The ACLU filed the suit on behalf of ten plaintiffs—all of whom joined a protest in Dunn Meadow against the war in Gaza on April 25, or in the following days, according to the filed complaint.

The enactment of the “expressive activities” policy came about three months after two days of arrests of Dunn Meadow demonstrators in late April.

The idea that the “expressive activities” policy had targeted speech in support of Gaza was highlighted in some of the remarks given at Sunday’s vigil.

Professor folklore and ethnomusicology David McDonald told vigil attendees that he’d recently loaded up 50 undergrads in a bus, to make a four-and-a-half-hour bus ride to East Lansing, Michigan, to see an exhibit of art by Samia Halaby, a Palestinian-American visual artist and IU alum.

A planned exhibit of Halaby’s work at IU’s Eskenazi Museum of Ara in February of this year was canceled due to what were described as security concerns.

McDonald told vigil attendees about the East Lansing exhibit: “In case you were wondering, there wasn’t a single security presence there. None of the paintings…in the least bit posed a security issue to any of us or any of the visitors, and that exhibition has been on full display for now two months.”

McDonald asked: “What was the reason then, that we could not engage with and experience Samia Halaby’s amazing work [on IU’s campus]?” McDonald answered his own question: “She’s a Palestinian woman.”

Before the vigil started, two IU officials answered questions from vigil attendees about where they could stand relative to the sidewalk and street, and some of the exchanges grew sharp, when vigil attendees started heading onto the plaza that is clearly part of campus.

Benjamin Hunter, who is associate vice president and superintendent for public safety, said, “We’re asking you to stay on the sidewalk.” Responded one attendee: “But we all have a right to be here!” Hunter replied, “Until we tell you to leave.”

Vicka Bell-Robinson, who is associate vice provost for involvement and belonging, was asked by a white woman, who was among the vigil goers: “As a Black woman, how does it make you feel to suppress constitutional rights when people of your race died for these constitutional rights, fought and died.
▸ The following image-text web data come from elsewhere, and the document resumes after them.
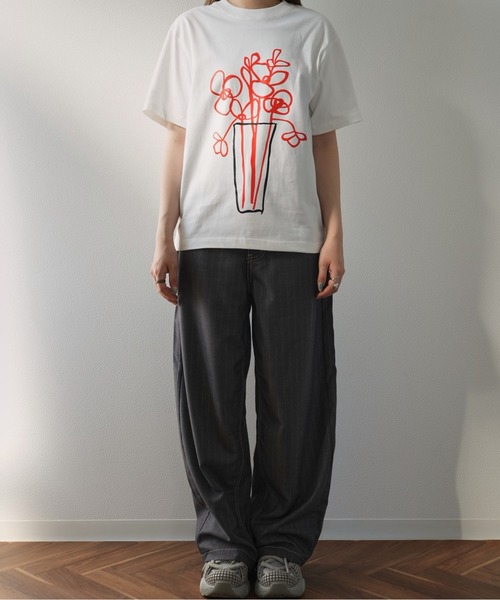 Enewd nina(エニュードニーナ)の「【zozo限定】花瓶 芸術的 上品 フラワー ビックアートアート ユニセックス Tシャツ(Tシャツ/カットソー・レディース・ホワイト/ブラック・FREE)」の19枚目の写真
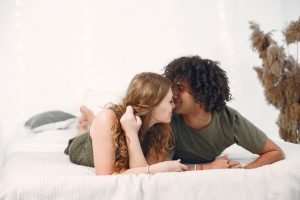 Casal deitado na cama
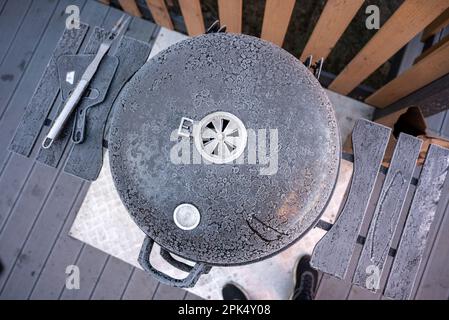 barbecue grill con bella consistenza di gelo. Foto Stock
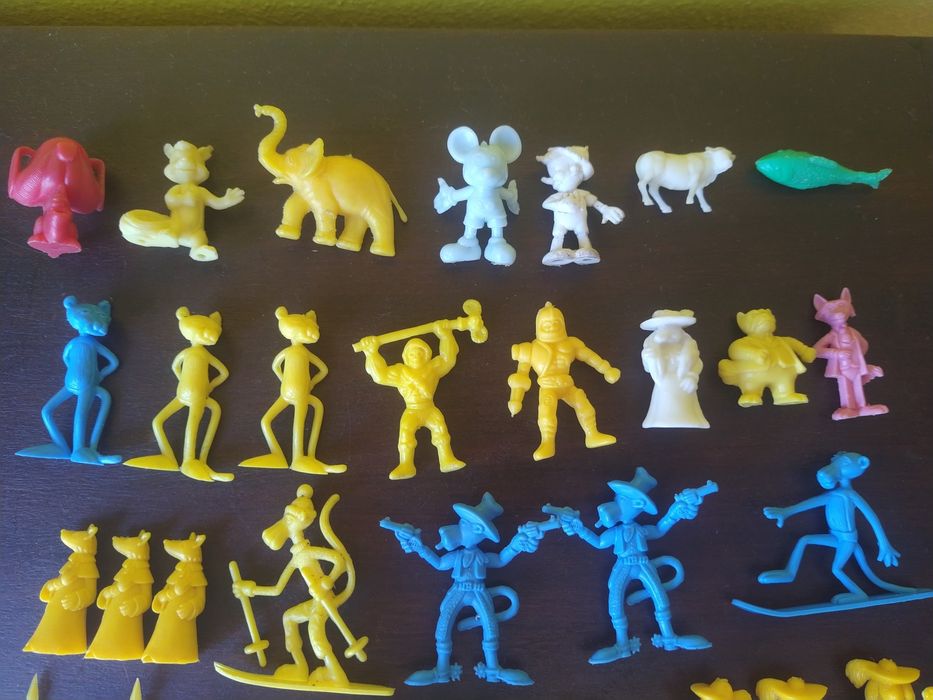 Bonecos Monocromáticos Willie Fog/Dartacão/MOTU e outros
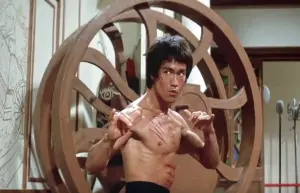 李小龍離世51年!昔棺木運送途中離奇爆開 香港名導還原幕後真相
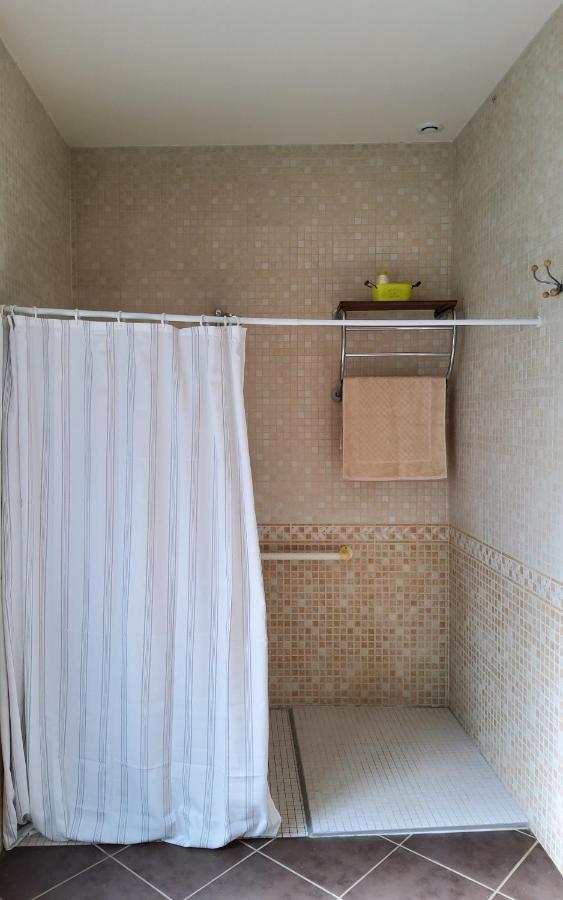 Studio Gypsy Isigny-le-Buat Zewnętrze zdjęcie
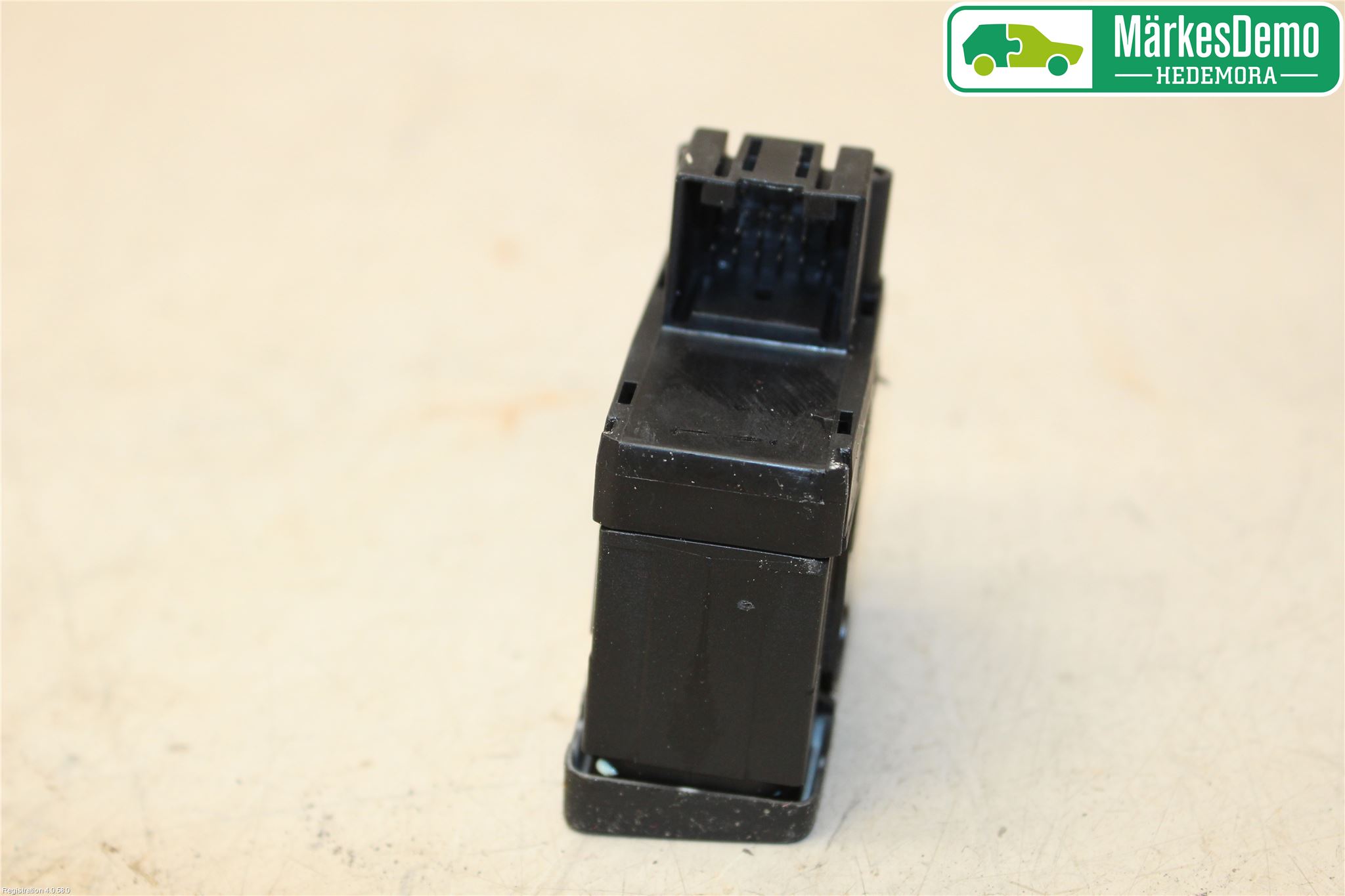 Audi A6/S6 4G 11-18 Bryter Parkeringsbrems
How do you think Martin Luther King Jr. would feel about you being here?”

Bell-Robinson replied: “How do you think it makes me feel as a Black woman, to be out here at 11 o’clock at night on a Sunday, surrounded by white people?”

Loftman lent some support to Bell-Robinson’s perspective: “Hostile white people, when you get right down to it.”

There was pushback from a couple of voices: “We’re not all white!”

Later, McDonald would wrap up his remarks by saying, “I’m here because IU is worth fighting for. This campus is worth fighting for—its 200-year history is worth fighting for. Free speech is worth fighting for.”

McDonald added, “That’s why I’m here, and that’s why I hope that we keep doing this, until this policy gets thrown into the dustbin of history, where it belongs.”

Vigils are planned for the indefinite future on Sundays at Sample Gates, starting at 11 p.m.